When Work Anxiety is Correlated with Better Performance

In continuation from an original blog post made on HBR by Tony Schwartz, relating to myths that hold back organizations, I am continuing my take on the 4 myths.

Workplace Anxiety does not correlate with performance.mp3

Myth #2: Workplace Anxiety makes people perform better

There are different forms of anxiety. Anxiety itself doesn’t make us perform. I remember from the Four Hour Work Week it was said that Di stress is bad, U stress is good.  Now the relationship between stress and anxiety is pretty intricate. We have to be careful to distinguish the source of anxiety and also consider the tendencies each individual has in reaction to this.

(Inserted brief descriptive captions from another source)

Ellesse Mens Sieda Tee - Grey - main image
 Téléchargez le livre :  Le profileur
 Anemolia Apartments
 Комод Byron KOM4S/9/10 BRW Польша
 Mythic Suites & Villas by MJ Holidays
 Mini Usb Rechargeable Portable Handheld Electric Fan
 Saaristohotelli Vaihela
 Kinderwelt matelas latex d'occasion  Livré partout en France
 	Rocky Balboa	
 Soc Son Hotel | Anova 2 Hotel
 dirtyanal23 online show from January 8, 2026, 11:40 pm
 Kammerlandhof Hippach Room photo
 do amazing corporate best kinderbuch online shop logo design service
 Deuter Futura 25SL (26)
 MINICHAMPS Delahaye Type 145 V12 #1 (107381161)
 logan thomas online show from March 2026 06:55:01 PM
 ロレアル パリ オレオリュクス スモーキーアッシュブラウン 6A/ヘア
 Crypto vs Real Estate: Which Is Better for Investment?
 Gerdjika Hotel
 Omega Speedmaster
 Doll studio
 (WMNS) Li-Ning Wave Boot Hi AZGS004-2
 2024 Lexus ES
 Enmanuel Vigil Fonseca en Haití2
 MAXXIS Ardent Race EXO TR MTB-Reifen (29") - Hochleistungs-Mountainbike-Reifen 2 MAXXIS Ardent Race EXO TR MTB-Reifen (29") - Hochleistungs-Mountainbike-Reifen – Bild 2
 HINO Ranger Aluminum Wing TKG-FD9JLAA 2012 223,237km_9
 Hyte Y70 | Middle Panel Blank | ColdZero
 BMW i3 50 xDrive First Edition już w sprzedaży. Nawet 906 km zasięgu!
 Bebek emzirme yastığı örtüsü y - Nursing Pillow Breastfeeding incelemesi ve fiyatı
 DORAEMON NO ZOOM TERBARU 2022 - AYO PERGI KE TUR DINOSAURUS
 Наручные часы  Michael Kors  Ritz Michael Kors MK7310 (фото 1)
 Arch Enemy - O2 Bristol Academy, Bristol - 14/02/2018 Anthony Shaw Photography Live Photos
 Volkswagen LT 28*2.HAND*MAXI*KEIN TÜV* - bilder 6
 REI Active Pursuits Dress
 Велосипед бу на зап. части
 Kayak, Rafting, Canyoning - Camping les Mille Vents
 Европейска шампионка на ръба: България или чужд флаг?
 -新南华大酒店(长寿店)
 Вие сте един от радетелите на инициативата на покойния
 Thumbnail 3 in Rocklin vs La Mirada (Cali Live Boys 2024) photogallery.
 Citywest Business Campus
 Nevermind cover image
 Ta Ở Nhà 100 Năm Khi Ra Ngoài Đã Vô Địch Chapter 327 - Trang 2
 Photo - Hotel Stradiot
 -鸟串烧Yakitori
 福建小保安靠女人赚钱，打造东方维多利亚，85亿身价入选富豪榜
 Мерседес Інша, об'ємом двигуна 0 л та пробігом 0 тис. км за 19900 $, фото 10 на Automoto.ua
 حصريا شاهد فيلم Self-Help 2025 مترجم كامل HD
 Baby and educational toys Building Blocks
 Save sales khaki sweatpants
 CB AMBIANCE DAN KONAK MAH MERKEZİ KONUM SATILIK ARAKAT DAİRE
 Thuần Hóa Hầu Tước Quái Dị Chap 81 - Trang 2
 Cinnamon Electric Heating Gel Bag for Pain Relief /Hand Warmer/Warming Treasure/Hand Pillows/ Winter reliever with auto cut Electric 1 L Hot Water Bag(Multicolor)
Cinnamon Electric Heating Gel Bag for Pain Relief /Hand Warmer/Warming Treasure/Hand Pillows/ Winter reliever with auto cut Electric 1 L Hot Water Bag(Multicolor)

I remember preparing for a basketball competition when I was younger. I would have moments of anxiety before the game begun. Butterflies filled my stomach. I’d have worries about making mistakes. As I glanced over at the other team, I would see how the competition stacked up. Who was taller? Who was quick? Which guy could I dunk on? The anxiety that I felt did not make me perform any better.

In practices and camps we learned that focusing on the fundamentals was important for overcoming situations where fear and anxiety were present. Through constant reflection on the foundational principles of the game, remembering the team’s practices and drills, I was able to overcome the anxiety and perform better during the game.

Anxiety didn’t help me perform better

The anxiety made me focus on fears and negative possibilities. FOCUS is what allowed me to overcome this. Focus on the fundamentals and “do ordinary things extraordinarily well,” as Jim Rohn would have put it is the key indicator to better performance on the job. Back to the question at hand.

When is workplace anxiety correlated to better performance

Many organizations make the assumption that anxiety correlates to better performance. The thing is…. it’s not. I believe this is an egregious error. Anxiety actually restricts our ability to think clearly and rationally. We can be cloudy from the creative solution that we need when anxiety is too high.

Those who perform best in high anxiety situations have learned to manage and deal with things in a constructive way. I’d be interested in looking at how individuals sublimate (transfer the energy) anxiety into other forms of that equate to better performance.

What can I do to ease my anxiety?

Each person will have their own formula for dealing with stress and anxiety in the workplace. Is it a healthy or destructive habit? That is the question. Some tips for dealing with anxiety:

  1. Find your center of balance. What ever this practice may be. Some do meditation, tai chi, prayer, running, tea…. Learning how to center yourself is a great way to reopen the gates of clarity and creativity.
  2. Focus on the fundamentals. There are always basic foundations that we can fall back on.
  3. Seek a sounding board if your are having trouble. Everyone will come to a point and time where they might need to talk to someone about what is going on. Find that person you can confide in. Remember not to make a fair exchange and also take opportunities to listen as well.

Ideas For Leaders and Organizations

  1. Setup a regression room. Fill it with bean bags, silly putty, slinkies, etc. Sometimes having place to retreat and do mindless work unlock new ideas.
  2. Leaders be aware of your anxiety. As leaders, remember that your feelings can be highly contagious. If you are stressed about a situation, your team will feel it.